Valerie and Wendy, who had joined her in the last part of her time at High Rock then moved to establish the Home of Loving Faithfulness near Fanling which is still in existence today, looking after disabled children as ICC does in China. Their story is told in “Living Riches” by Linda Ball.
This history illustrates the incredible interlacing of individuals who have come to Hong Kong to help the disadvantaged; those left behind who cannot look after themselves. They were / are all driven by the fact that God sees value in single life. Sometimes death is a relief to those who are very ill, but many disadvantaged children have been given a second chance at a successful and independent life because of the faith of those pioneering individuals.

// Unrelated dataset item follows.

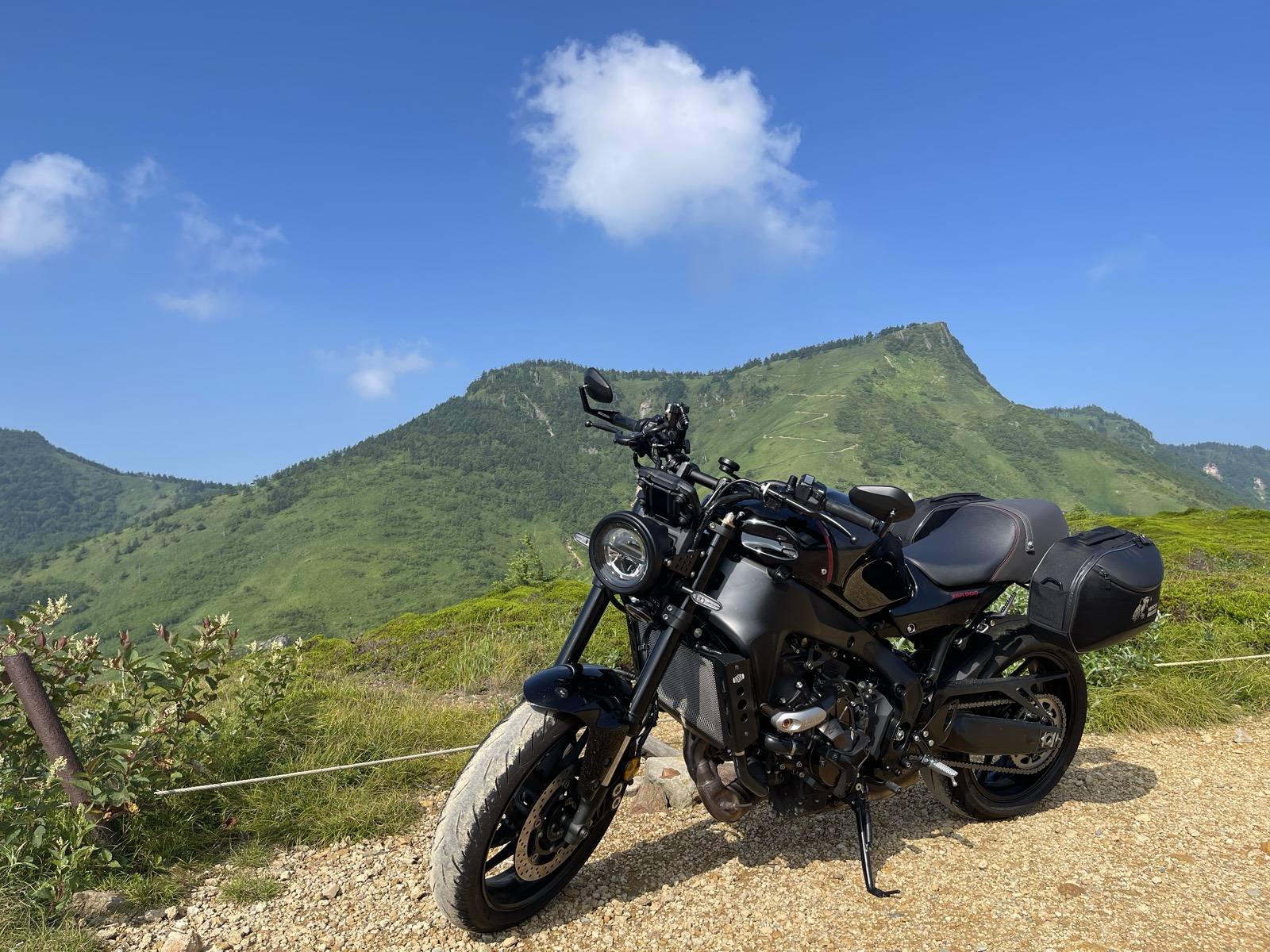 The XSR900 parked at Kenashi Pass with green mountains behind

There are many breathless adventures of pioneers who came to this part of the world to support the people of China. Before Mildred, of course, came Gladys Aylwood, a British maid, who was rejected as a missionary, but eventually found her way to a children’s home in central China[2]. She was of course a contemporary of Eric Liddell, winner of a 1924 Olympic Gold Medal, and "Chariots of Fire" fame, who became a missionary and died in a Japanese concentration camp in China[3]. A century before such names as Hudson Taylor and Robert Morrison mobilised tens of thousands of people to help and support the poorest in China – and, yes, through that preach the Christian message. (You can read a lot more about these Christian adventurers under the "History" tab).
After Mildred, came Wendy and Valerie and of course Jackie Pullinger, whose bestseller “Chasing the Dragon” was a model for this book. No book is unique…

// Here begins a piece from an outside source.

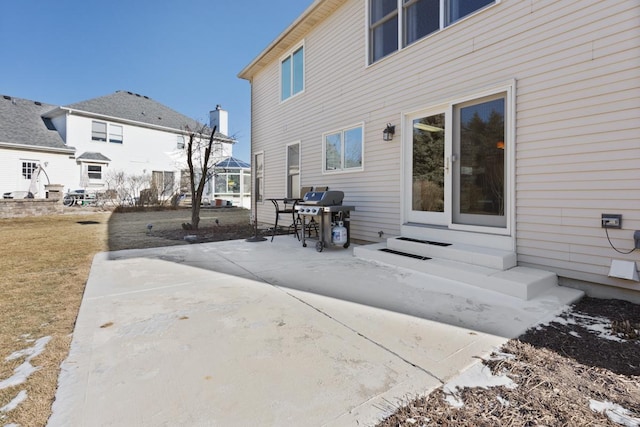 back of house with a patio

And then David came to China, as told in “China’s Oasis”.
The will to survive throughout the generations is seen at many levels in the China Oasis story. The Christian family will continue to keep serving the weak from a position of strength. ICC is part of this process and people are continually being called to follow through not only it but also new missions that are being started all the time.
A new mission is like a small business. Some begin with just a couple of people and fades as the leaders retire and many fall by the wayside through dissent, persecution, mismanagement, or their work is just complete. Only a few NGO’s become as sustainable as ICC, dealing with an ongoing work.
ICC’s last quarter century is a reflection of how well David did in establishing and leading an organisation without any particular training, skill or knowledge. He was blessed with the talents that God had given him, the “luck” that he needed that we know as grace - and his faith in that God. His call to you is, “what are you going to do?”
Richard Harris
May 2018
[1] Those who have read China’s Oasis will find dramatic comparisons with Dawn Gage’s story – she lost out to a U.S. mission group who took over the funding of Living Stones village in the mid-2000’s.
[2] You will recall the film, the “The Inn of the Sixth Happiness” (starring Ingrid Bergman as Gladys).
[3] His story is recounted in Sally Magnusson’s book, “The Flying Scotsman”.